Florida Supreme Court: Drivers Can Challenge Presumption of Fault in Rear-End Collisions
Tampa, FL (Law Firm Newswire) January 14, 2013 - A recent ruling by the Florida Supreme Court allows drivers who strike another vehicle from behind to rebut the presumption of sole responsibility for the crash and sue the other driver.
In a statement, Tampa personal injury attorney Robert Joyce said, “Sometimes a rear-end collision is not entirely the fault of the driver that struck the other vehicle. Any driver who is partially to blame for an auto accident should be held legally accountable for their portion of the responsibility.”
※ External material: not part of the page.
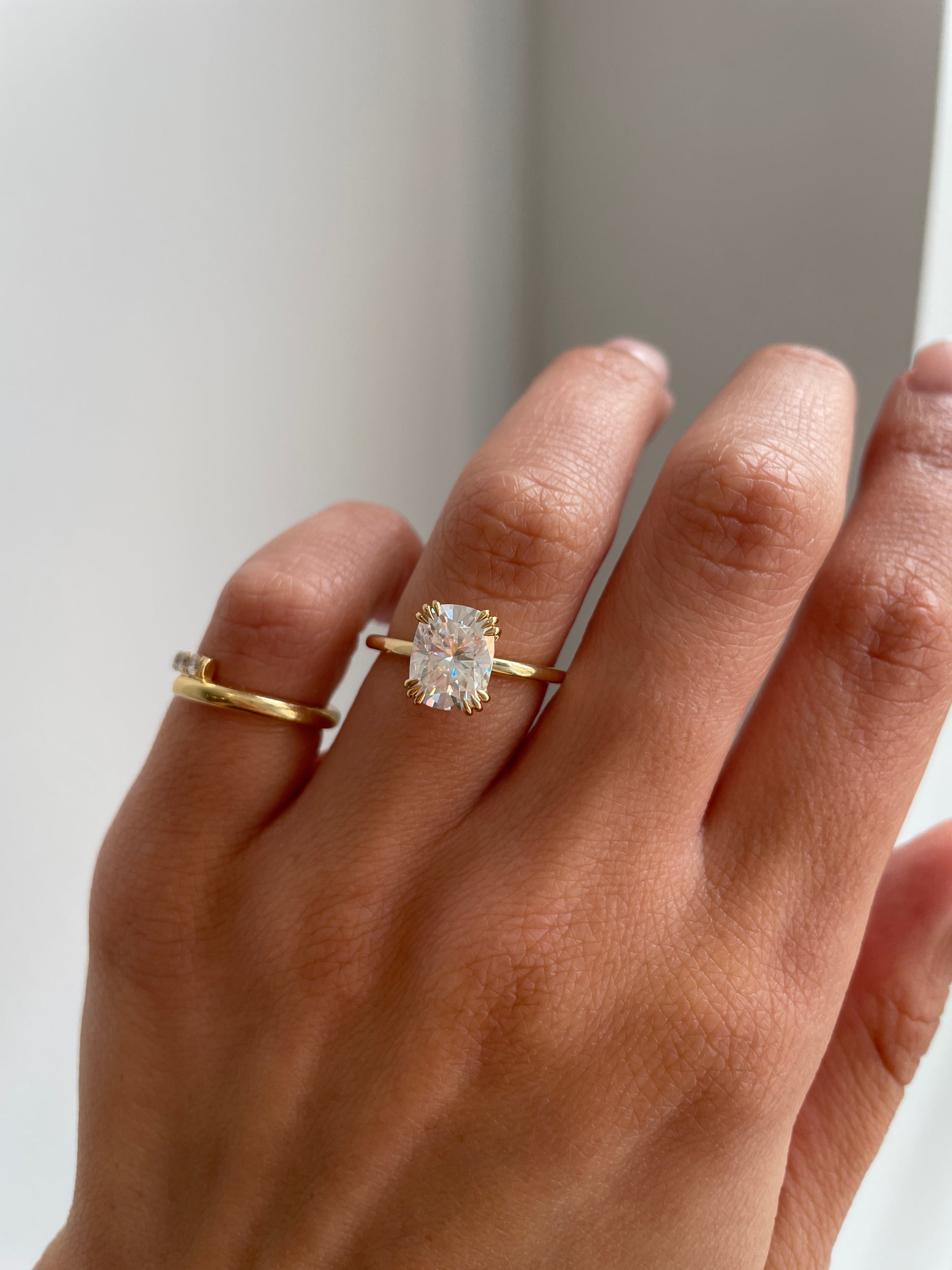 2.01-4.01 CT Elongated Cushion Cut Lab Grown Diamond Solitaire Engagement Ring Secondary image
The case, Cevallos v. Rideout, was filed as the result of a 2005 auto accident in which Maria Cevallos rear-ended a vehicle driven by Kerri Anne Rideout. Rideout's car had collided with another vehicle while Rideout was having a conversation on her cell phone. Cevallos could not react in time to the resulting sudden stop of Rideout's car, despite her claims that her following distance was four car lengths.
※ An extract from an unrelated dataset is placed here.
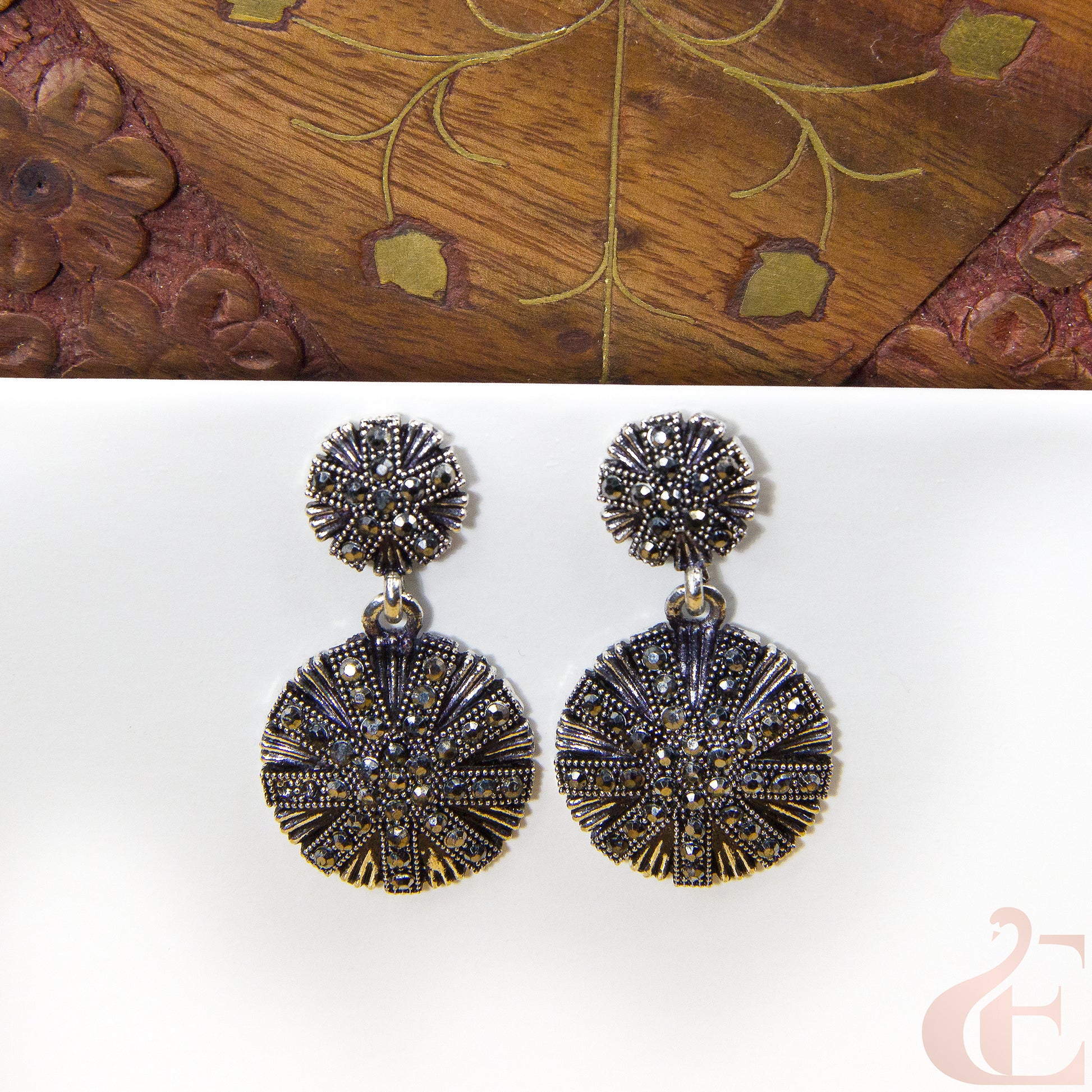 Front view of Matallic Toned  oxidised Contemporarydrop Earring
A trial court ruled that Cevallos could not sue Rideout because she was presumed entirely responsible for the accident. The Fourth District Court of Appeals of Florida upheld the ruling.
But the Supreme Court said that other district courts in Florida had ruled differently in similar cases, allowing the rear driver to rebut that presumption of blame under certain circumstances.
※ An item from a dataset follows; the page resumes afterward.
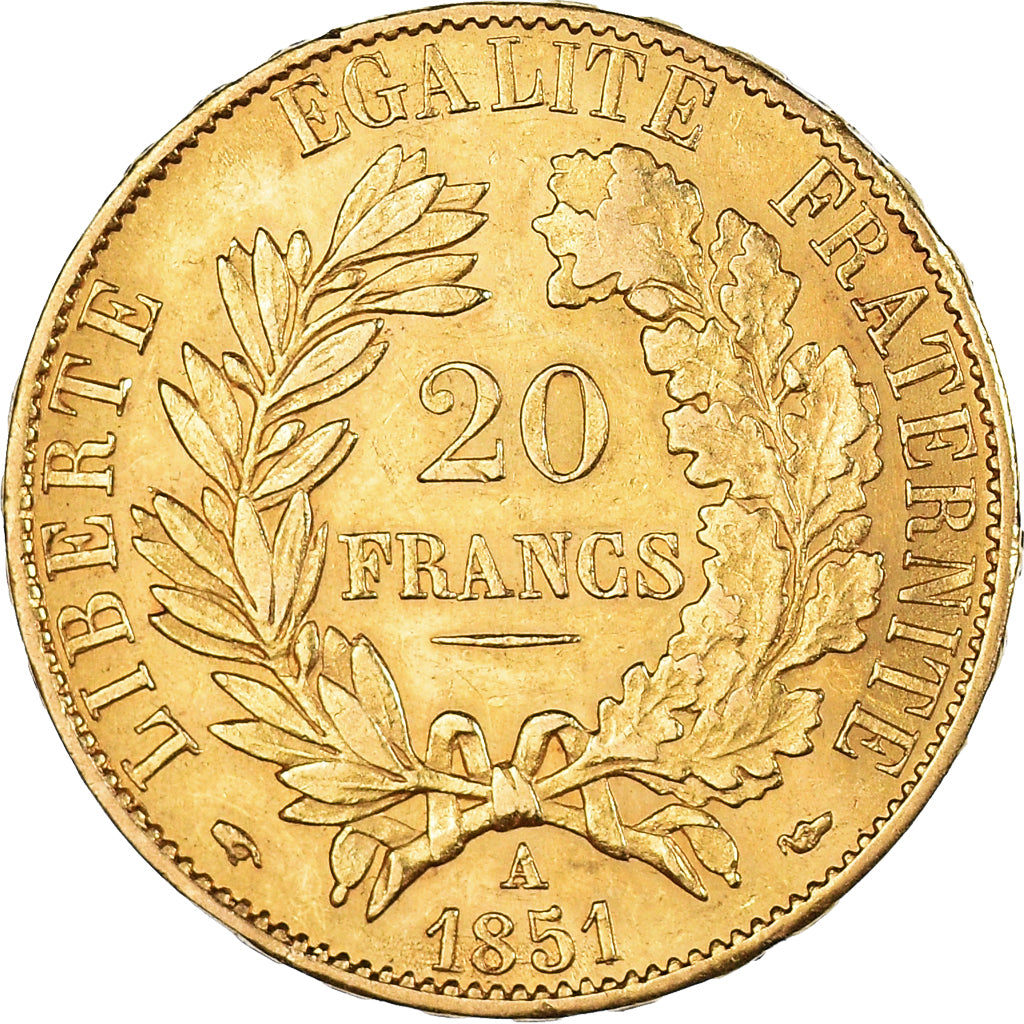 Moneta, Francja, Cérès, 20 Francs, 1851, Paris, AU(50-53), Złoto, KM:762, Le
Judge Jorge Labarga said that the existence of evidence that might lead a jury to assign blame to the front driver allows the rear driver to rebut the presumption of liability for a rear-end collision. He said that in Cevallos' case, there was enough evidence to allow a jury to decide whether Rideout shared responsibility.
Mr. Joyce added, “If the rear driver can produce evidence that they are not entirely to blame for a car accident, a jury should hear that evidence and assign responsibility accordingly under Florida's comparative negligence system.”